The Weed
A dream can leave you with a feeling. For the longest time I was affected by a dream from my childhood. I am not sure what was going on at that time of my life, but I can remember the screenplay of the dream like I just woke up. It used to haunt my psyche, but not anymore. Thinking about it used to fill me with an almost infinite emptniess. I don’t feel that way anymore when I think about it.
Here is how I remember it.
A world of concrete. I am standing in an empty parking lot, which you wouldn’t know, but for the lines marking the spaces. The entire world is covered in rough, drab, gray concrete, speckled with small pieces of the shells of long dead sea creatures. It is daytime, and the sun is shining. The world I love is gone, and it has been gone for a long time. I am standing around with kids my age, milling about. Percieiving in shapes, colors, feelings and ideas, verbal language is nonexistent. A feeling doesn’t have a “name”; it just is the feeling. A thought is communicated without words. It just is.
I tumble in the natural time of a dreams-disconnected, non-linear. The attention of the group is directed and consumed by green. A weed has broken through. We gather around. I am amazed and filled with joy. In this world that my dream has trapped me in, where nothing changes, there is no variance. The sun comes and shines for its alloted time and then it is gone. Rain doesn’t fall. Clouds don’t mark the sky. The wind is calm. The tempature easy. And, now, here out of nowhere, struggling is variance and hope. Hours before I left the world of variety when I laid my head down. Although, it seems I have been here for years.

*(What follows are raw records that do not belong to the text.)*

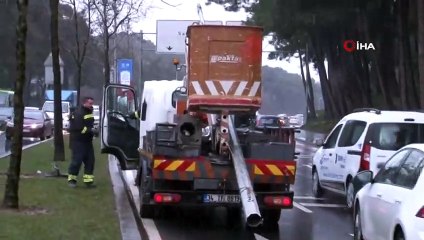 Sarıyer’de Aydınlatma Direği Seyir Halindeki Otomobillerin Üstüne Devrildi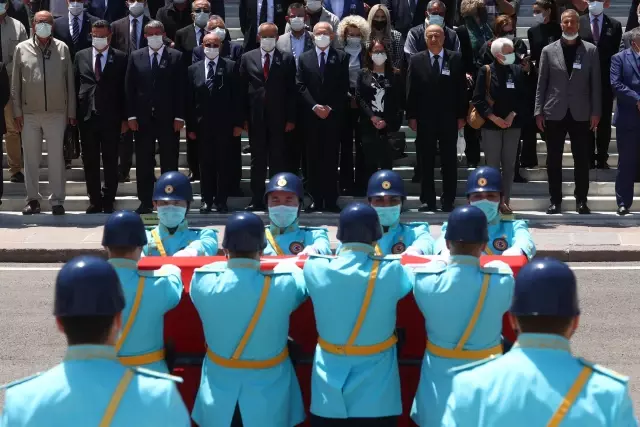 Eski Cumhuriyet Senatosu üyesi Selahattin Babüroğlu için TBMM'de cenaze töreni düzenlendi Eski Cumhuriyet Senatosu üyesi Selahattin Babüroğlu için TBMM'de cenaze töreni düzenlendi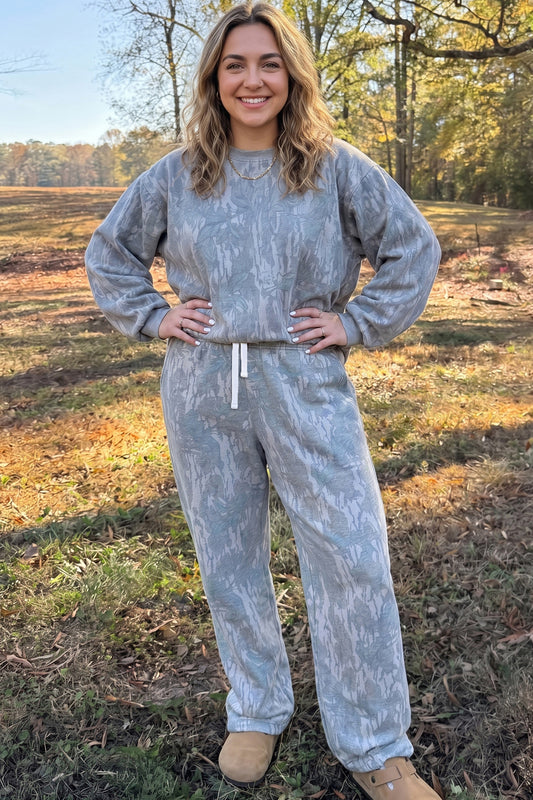 Multicolor Abstract Botanical Camo Pullover & Drawstring Pants Set 1X–4X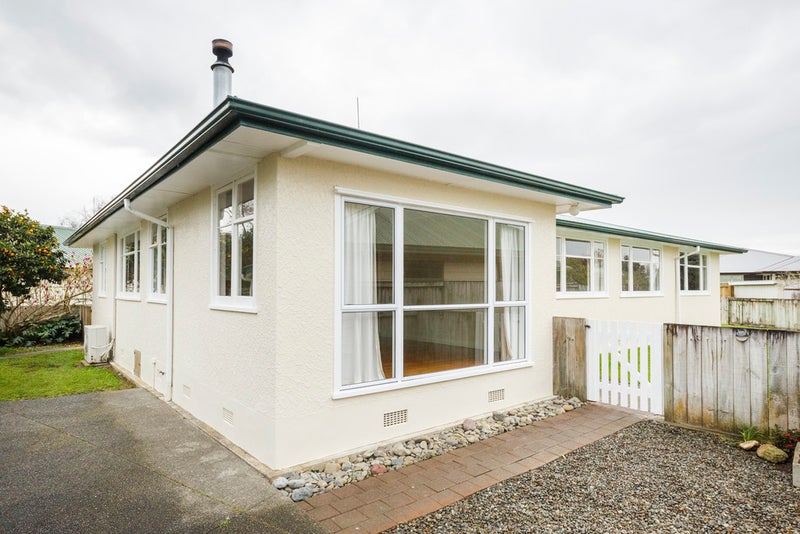 20 Norwich Place, Awapuni, Palmerston North - Carousel 2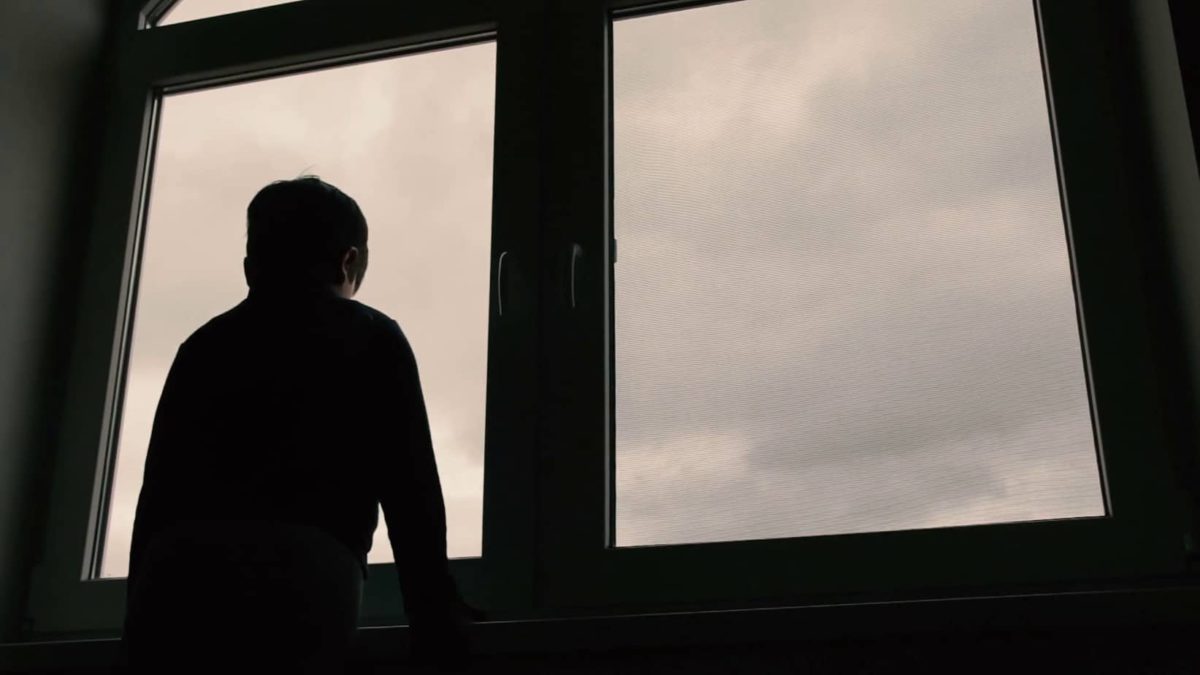 SÓLO UN ILUSO PUEDE DEDICAR SU JUVENTUD A LA LOCURA Y LAS LETRAS, poema de Aleqs Garrigóz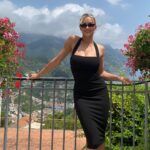 Lindsey Pelas Instagram – 🎶 When she walks, she’s like a samba
That swings so cool and sways so gently
That when she passes…
Each one she passes goes ahhhhh 🎶 Ravello e Amalfi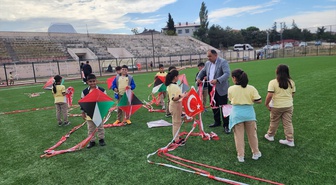 Amasya'da uçurtmalar Gazzeli çocuklar için gökyüzüne bırakıldı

The attention of the group on the weed attracts others. Another distinct group of people approachs. The timbre changes. One individual steps from the group and pushes his way toward the weed. Without explanation or warning, he reaches down and pulls it from the ground. I am in disbelief. I want to cry. I want yell. I want to fight him. But I am powerless. I am pulled from sleep by an overwhelming feeling of doom and loss.
For years all I had to do was think about the dream, and I would be filled with the same empty feeling. Emptiness doesn’t come anymore and it bothers me. Is it because I have accepted a fate in a life without variance? Or is it beacause I am just generally numb? Or did I just get over it? I do not know.
I know this: it is imperfection that makes life worthwhile; children are better feelers than adults; dreams can fade.